What's In Store... Freeman Hardy and Willis Plaque
What's in Store... interesting objects from Leicester Museums & Galleries Stores.
Published: 19 June 2020
Plaque depicting the headquarters of Freeman, Hardy and Willis, circa 1920s.
Freeman, Hardy and Willis were a shoe retailer established in 1875. It was named after three employees of the company, one of whom was Alfred Freeman, a Russian shoemaker.
For many years, there was a branch in nearly every town in the United Kingdom. In 1929, the company was acquired by what was to become the Leicester-based British Shoe Corporation.
The headquarters were located on Rutland Street in Leicester and were bombed in 1940. New headquarters were built on the site after the war.
British Shoe Corporation was the name the Sears Holding used to consolidate the shoe brands they had purchased.
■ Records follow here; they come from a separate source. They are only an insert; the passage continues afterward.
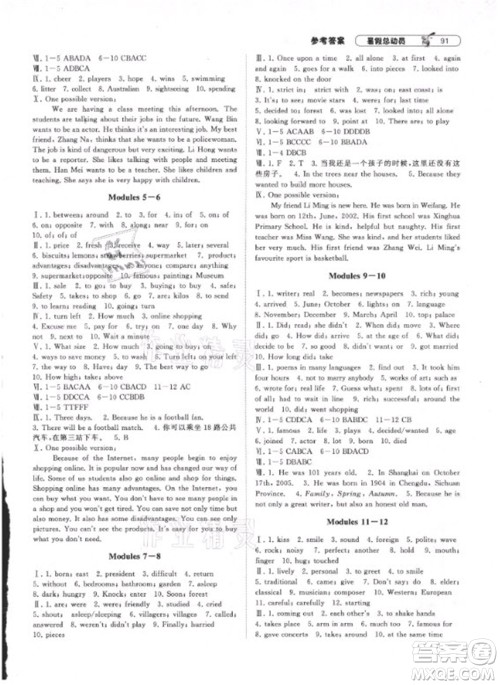 宁夏人民教育出版社2021经纶学典暑假总动员七年级英语WY外研版答案
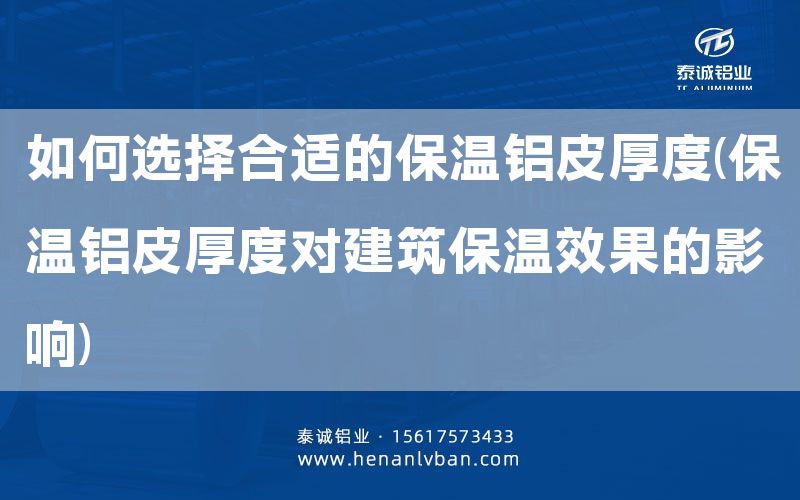 如何選擇合適的保溫鋁皮厚度(保溫鋁皮厚度對建筑保溫效果的影響)(圖1) 如何選擇合適的保溫鋁皮厚度(保溫鋁皮厚度對建筑保溫效果的影響)(圖1)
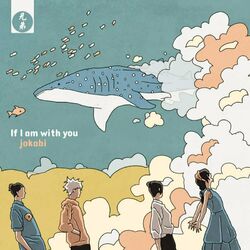Cover of If I am with you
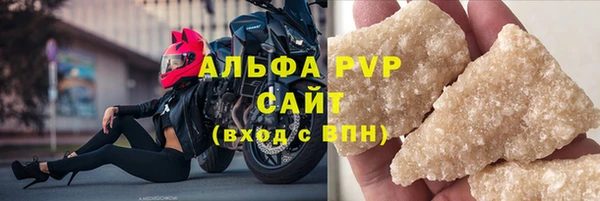 каннабис Бугульма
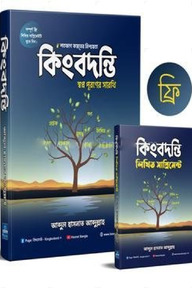 কিংবদন্তি
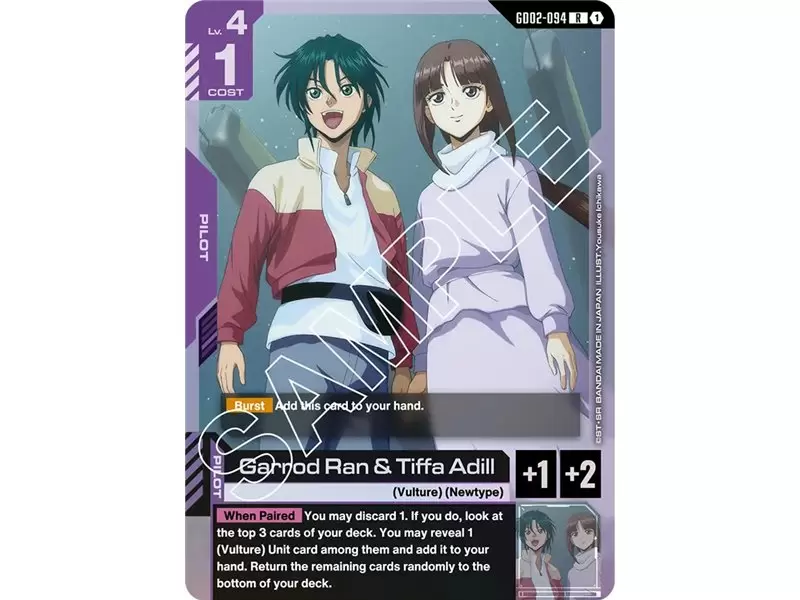 Garrod Ran & Tiffa Adill (Rare)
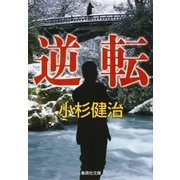 逆転（集英社） [電子書籍]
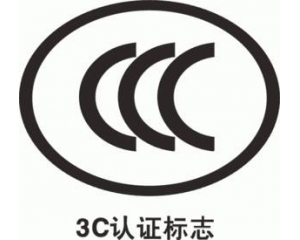 CCC認(rèn)證要多久,費(fèi)用多少?_3C認(rèn)證時間_3C認(rèn)證費(fèi)用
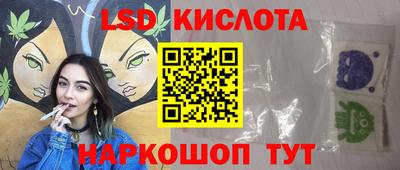 бутират Татарск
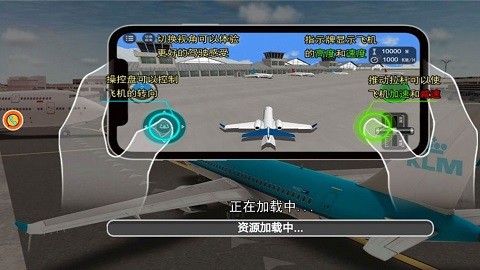 飞机汉化版_飞机汉化版本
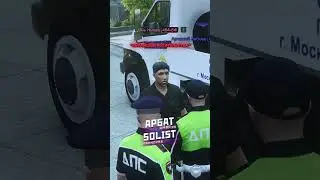ДПС НЕ МОГУТ ЭВАКУИРОВАТЬ КИТАЙСКИЙ ТАНК в ГТА 5 РП (GTA 5 RMRP / Криминальная Москва)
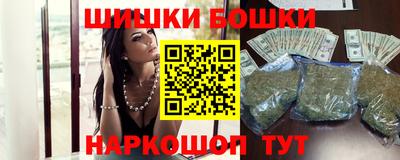 шишки Нягань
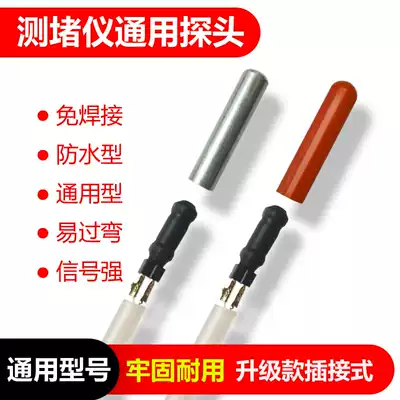 Electrician plugging detector monitor universal waterproof non-welding wire pipe pipe plugging device blocking detector detection sleeve
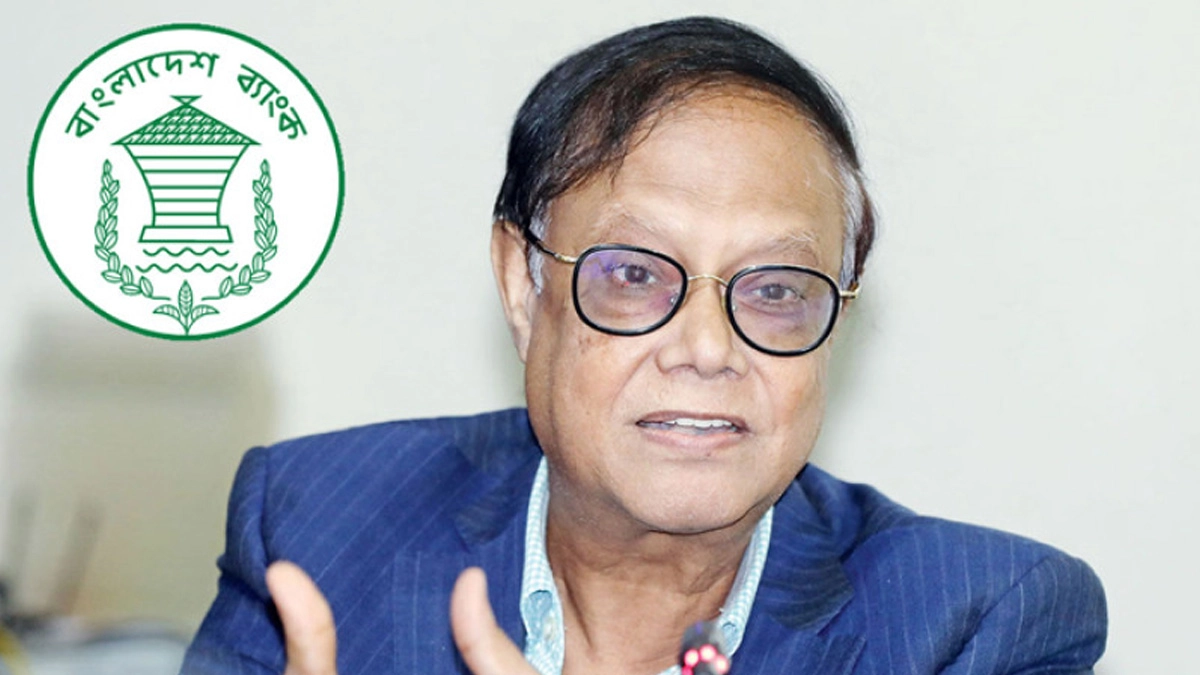 ‘আমার ধারণা আড়াই থেকে ৩ লাখ কোটি টাকা পাচার হয়েছে’
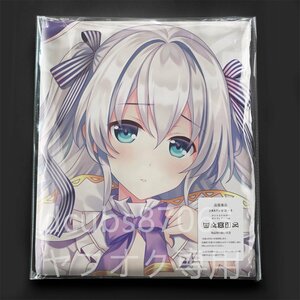 [.. illusion . chronicle ]se rear = clair / Dakimakura cover /2way tricot 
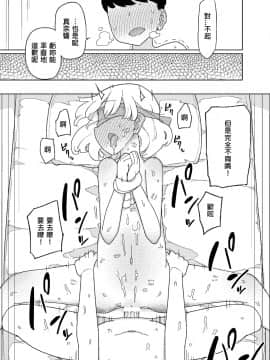 [せみもぐら (由家)] まなちゃん係_20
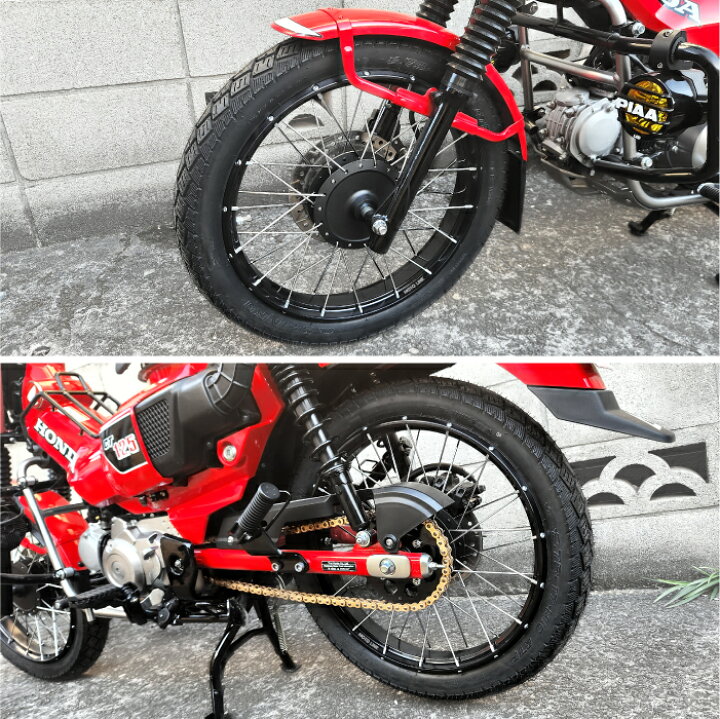 楽天市場】モトライン チューブレス ホイール J17 x 1.60 フロント 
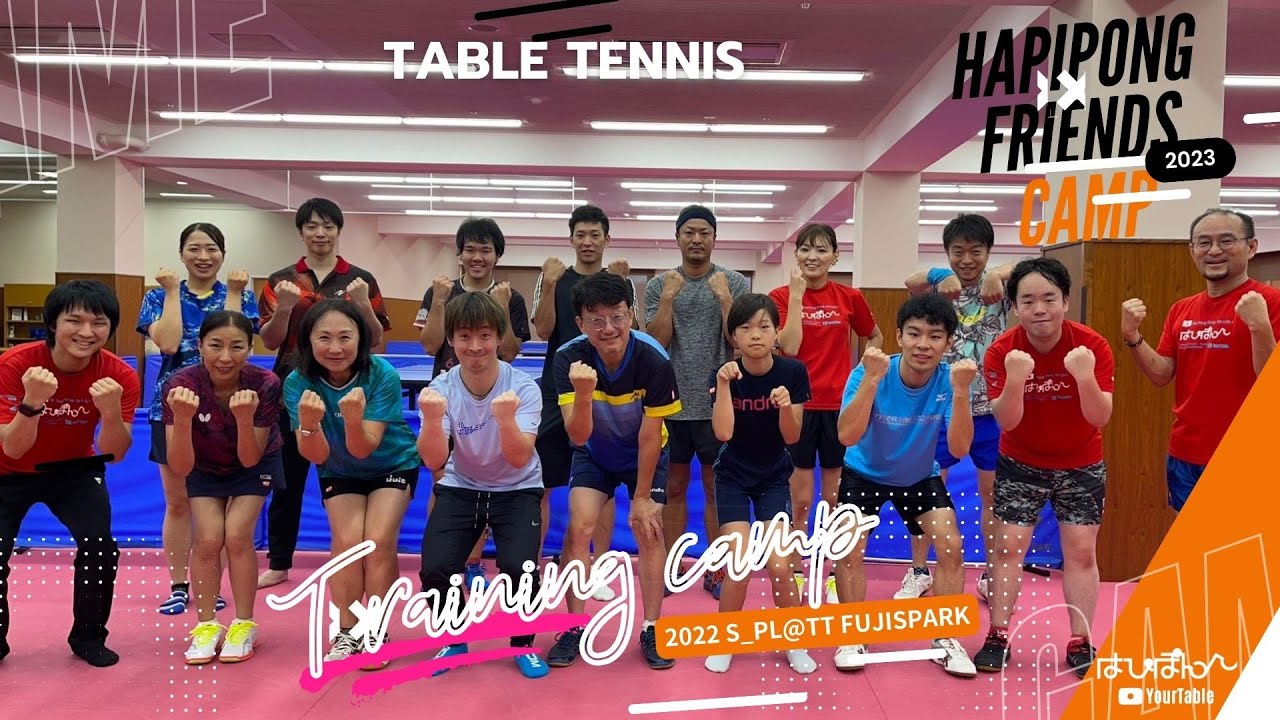 2023 第10回 はぴぽん♪CAMP 「強化合宿 in 静岡・富士 s_pl@tt FUJISPARK（エスプラットフジスパーク）4th シーズン」みんなの多球練習メニューを公開！
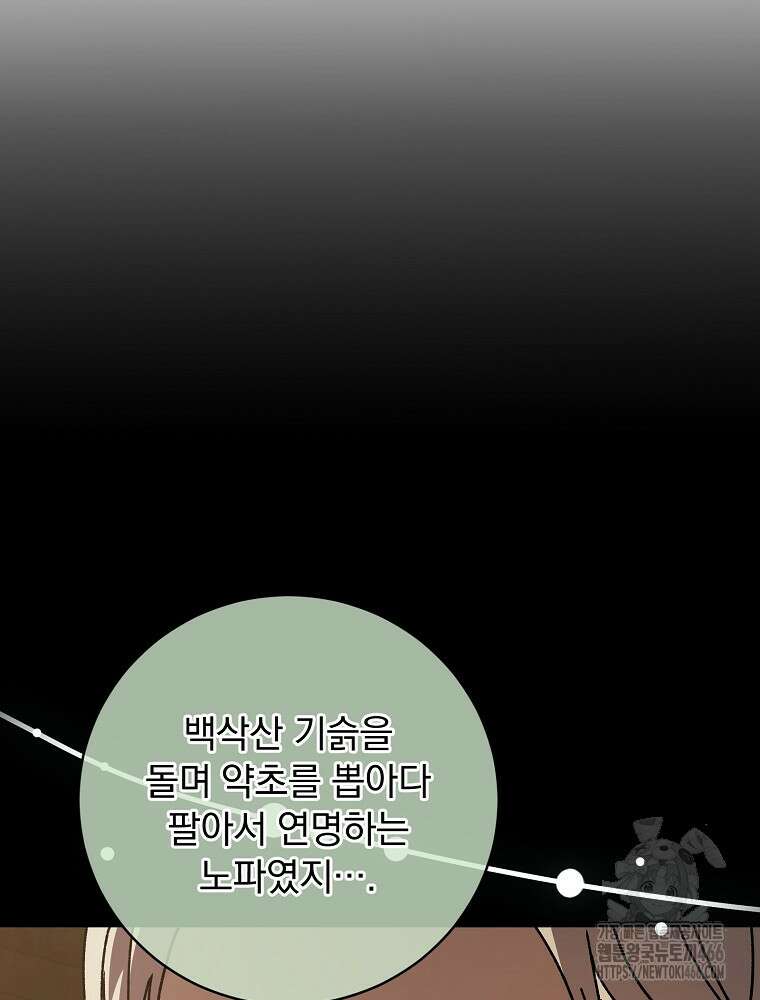 로판에서 살아남기 27화 14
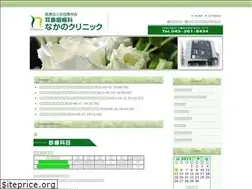 Sites similar to nakano-clinic.biz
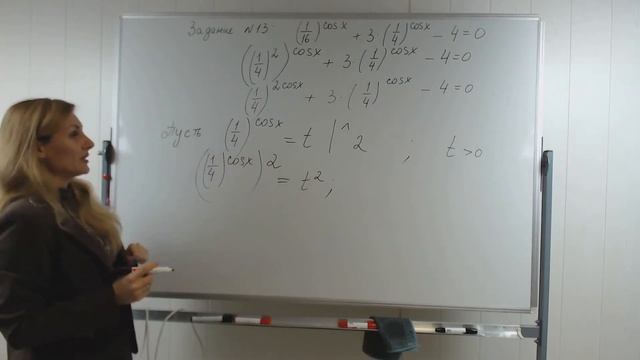Задание 13 ЕГЭ Профиль (1/16)^cosx+3∙(1/4)^cosx-4=0 Уравнение смешанного типа смотреть онлайн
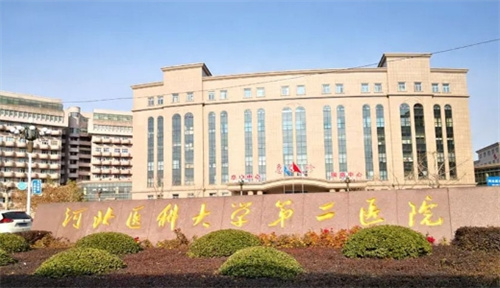 河南医科大学第二医院整形科怎么样？隆鼻医生来了
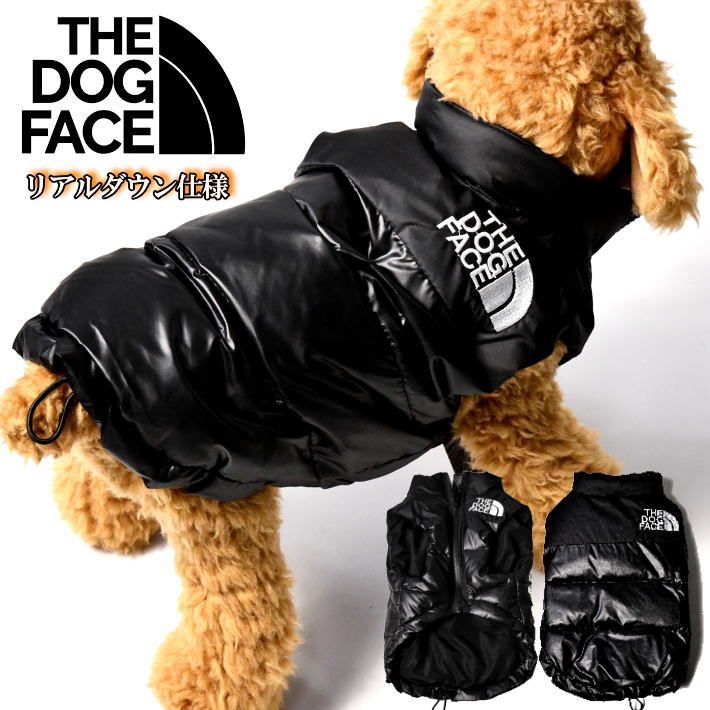 なんと羽毛リアルダウン仕様 THE DOG FACE ダウンベスト ドッグウェア 犬 服 暖かい 冬 冬服 NEK 7988059 アウター ドッグフェイス REVG インスタ映え 経典ブランド プレゼント 送料無料 ダウンジャケット 【2021新作】 ギフト 男の子 女の子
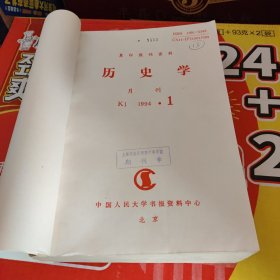 复印报刊资料：历史学（1994年第1--12期）馆藏书已装订成册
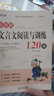 小升初文言文阅读与训练120篇 涵盖小学生1-6年级语文教材课本诵读篇目  小学生一二三四五六年级通用 实拍图
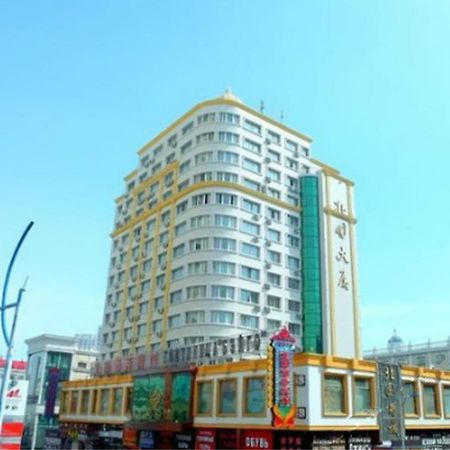 Beiguo Zhichun Business Hotel Manzhouli Dış mekan fotoğraf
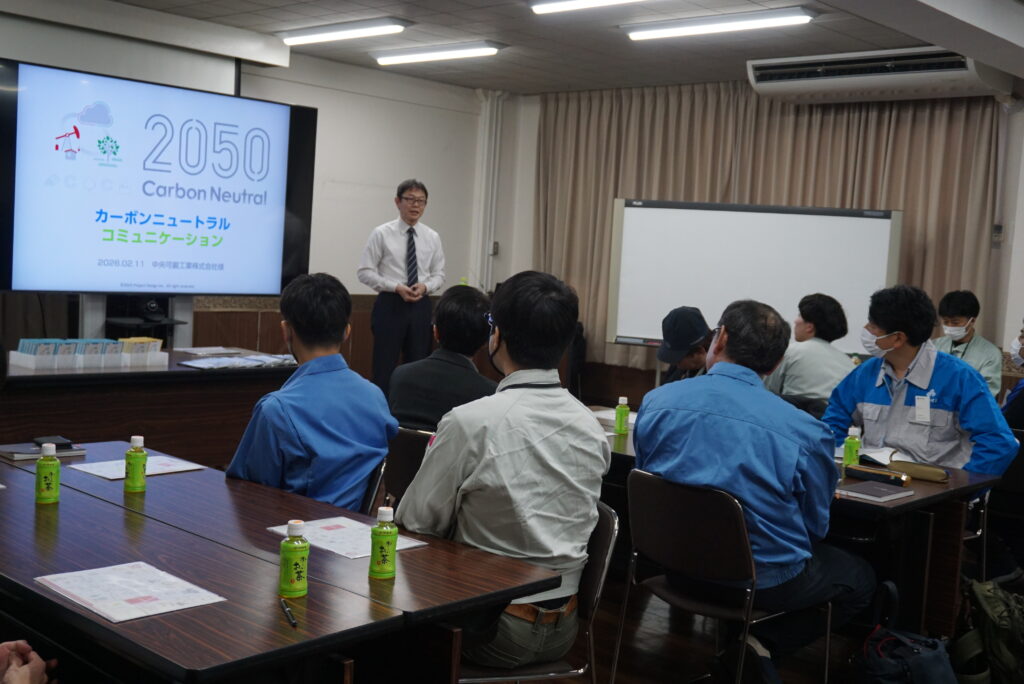【2026年 中央可鍛工業株式会社様 カーボンニュートラル研修】 写真1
Along with Freeman, Hardy and Willis it acquired Manfield, Dolcis, Saxone, Lilley & Skinner shoe shop chains.
In the early 1990s, the British Shoe Corporation converted approximately half of the 540 Freeman Hardy Willis branches into Hush Puppies shops and sold the remainder to Stephen Hinchliffe, an entrepreneur from Sheffield. After only a year, Hinchliffe's business empire collapsed.
After providing "Shoes For All The Family" since 1875, by 1996 Freeman Hardy Willis was no more.